Brief descriptive captions
++++++++

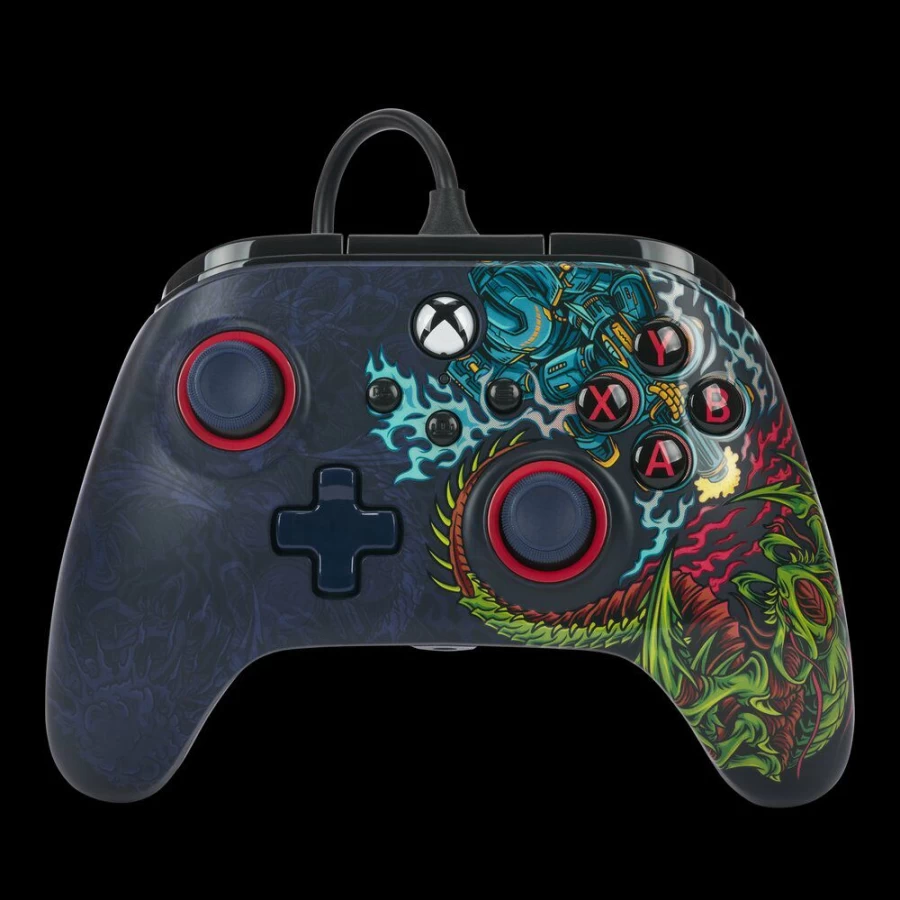 PowerA Advantage Wired Xbox Controller for Series X|S - Cosmic Clash Gaming Gamepad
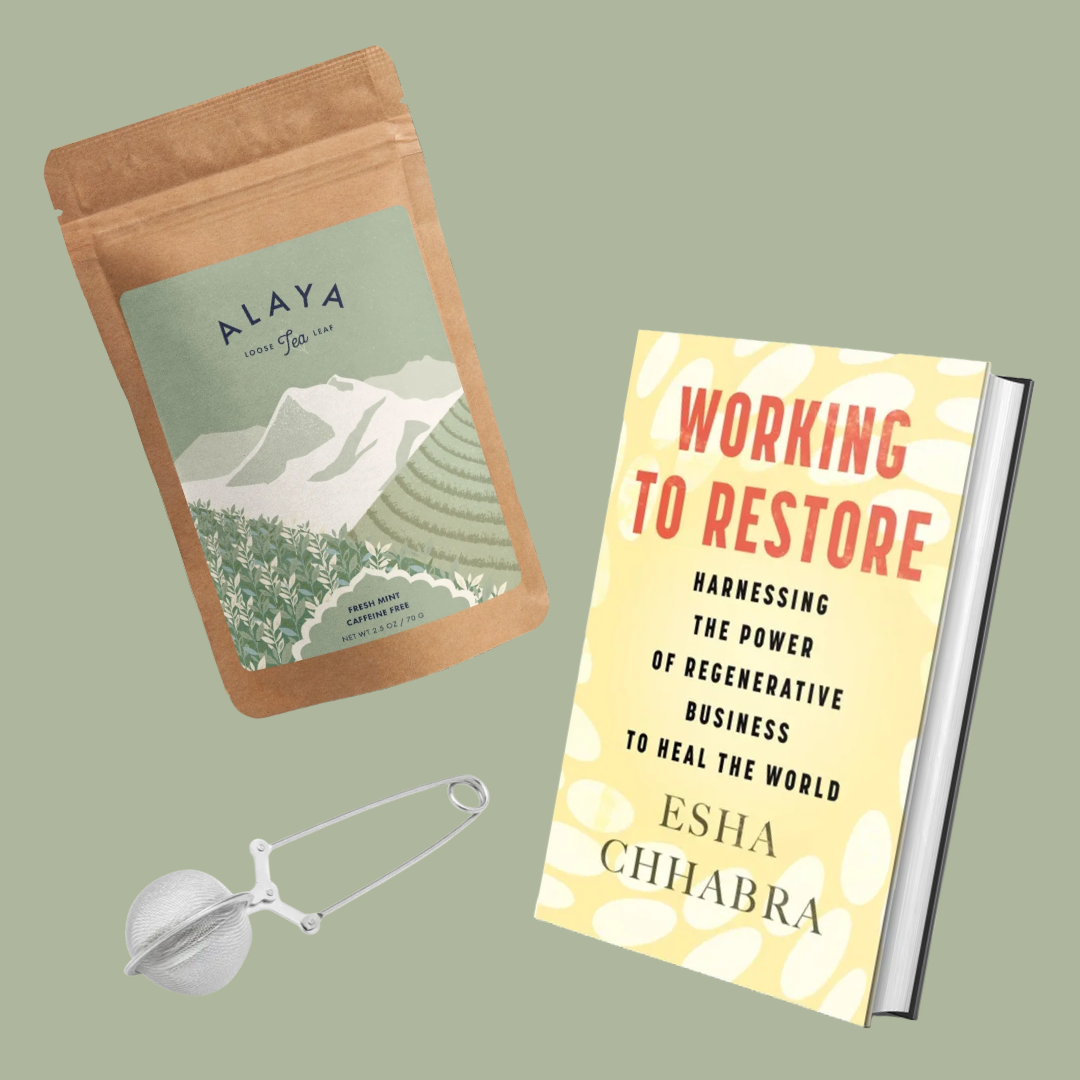 HERBAL TEA + BOOK GIFT BUNDLE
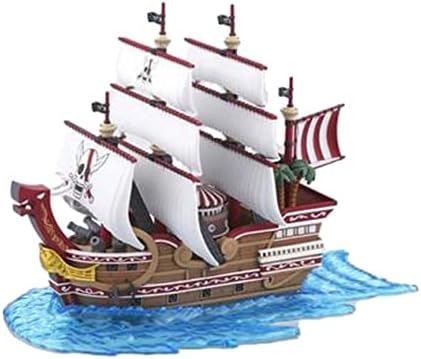 Bandai Hobi-Tek Parça-Büyük Gemi Koleksiyonu Kırmızı Kuvvet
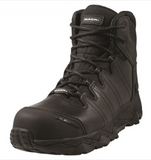 Mack Octane Zip Up Safety Boots  Honey or Black Size 4-14 MKOCTANEZHHF090
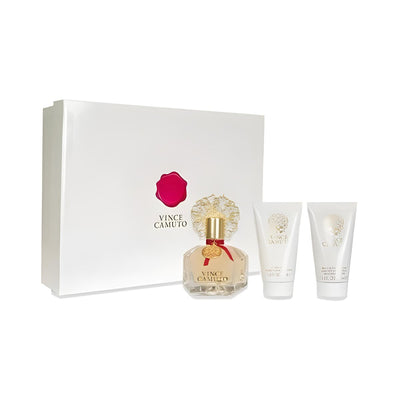 Vince Camuto 3.4 oz 3pc Fragrance Gift Set - Perfume Headquarters - Vince Camuto - 608940582633 - Gift Set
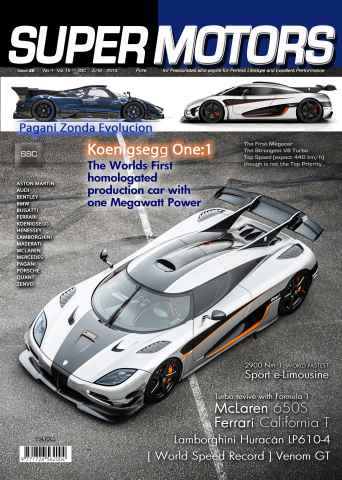 SUPER MOTORS issue Issue 46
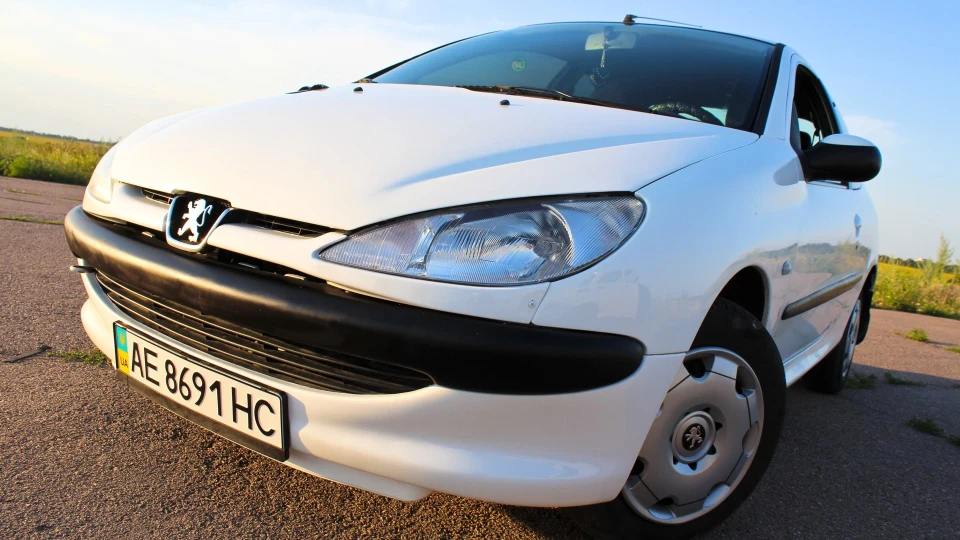 Peugeot 206 Пижон))) 2
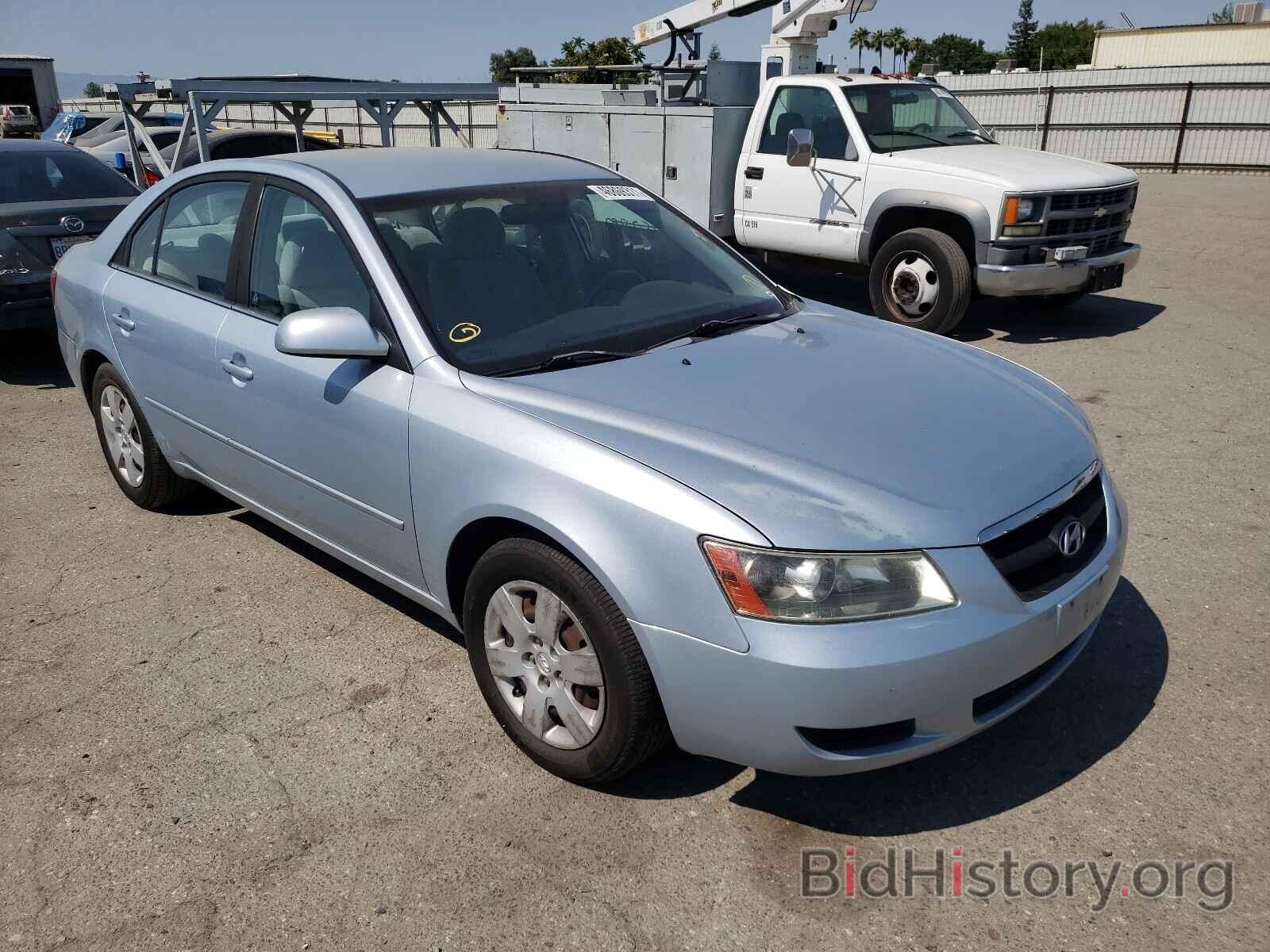 Photo 5NPET46C88H342414 - HYUNDAI SONATA 2008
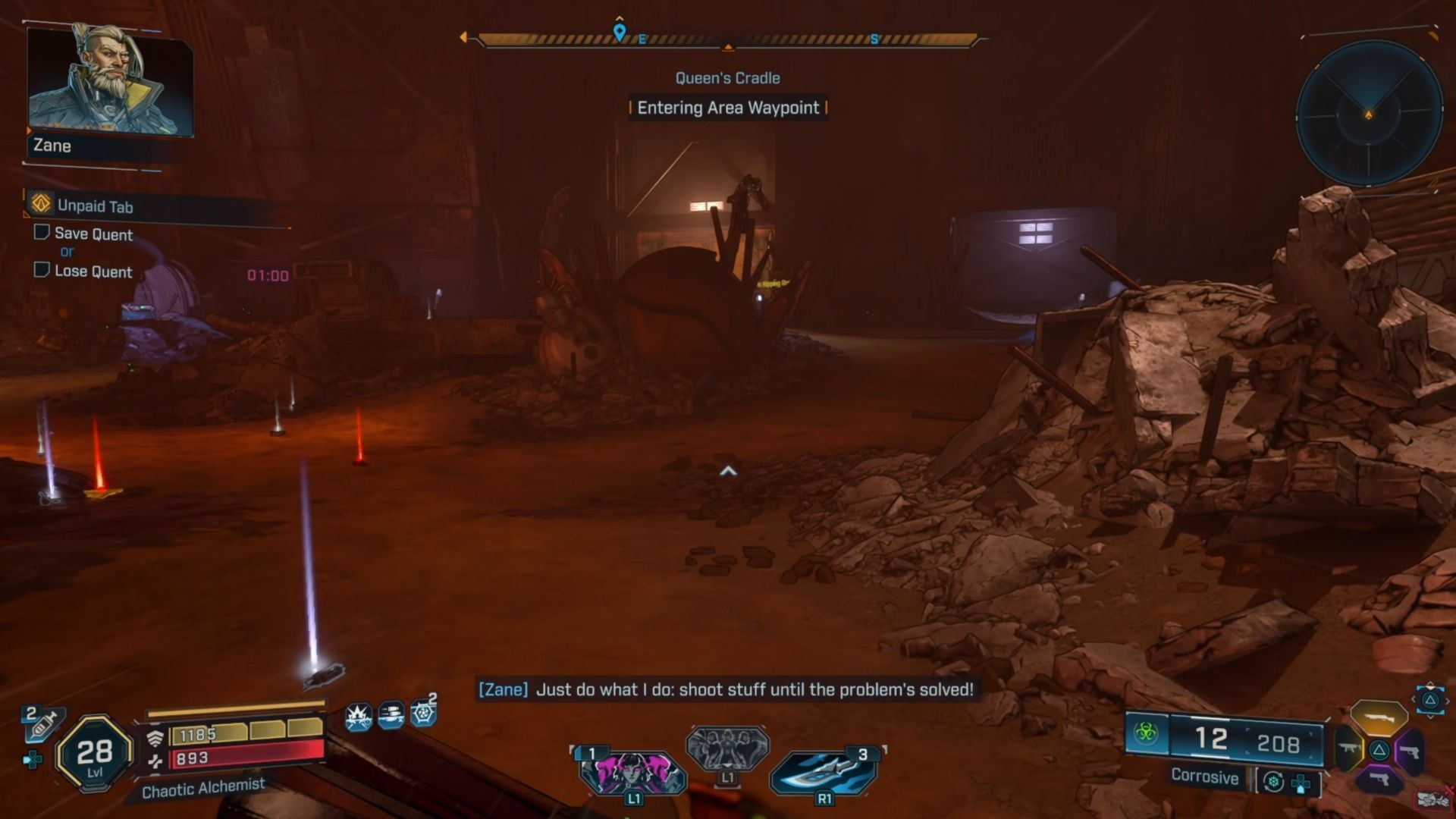Borderlands 4 save quent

++++++++

* _PROBLEM TO WORK ON_
Set down exactly the lines running from the beginning of the entries above to the line that contains "Vince Camuto 3.4", including both, and leave out pictures.

* _REPLY_
 PowerA Advantage Wired Xbox Controller for Series X|S - Cosmic Clash Gaming Gamepad
 HERBAL TEA + BOOK GIFT BUNDLE
 Bandai Hobi-Tek Parça-Büyük Gemi Koleksiyonu Kırmızı Kuvvet
 Mack Octane Zip Up Safety Boots  Honey or Black Size 4-14 MKOCTANEZHHF090
 Vince Camuto 3.4 oz 3pc Fragrance Gift Set - Perfume Headquarters - Vince Camuto - 608940582633 - Gift Set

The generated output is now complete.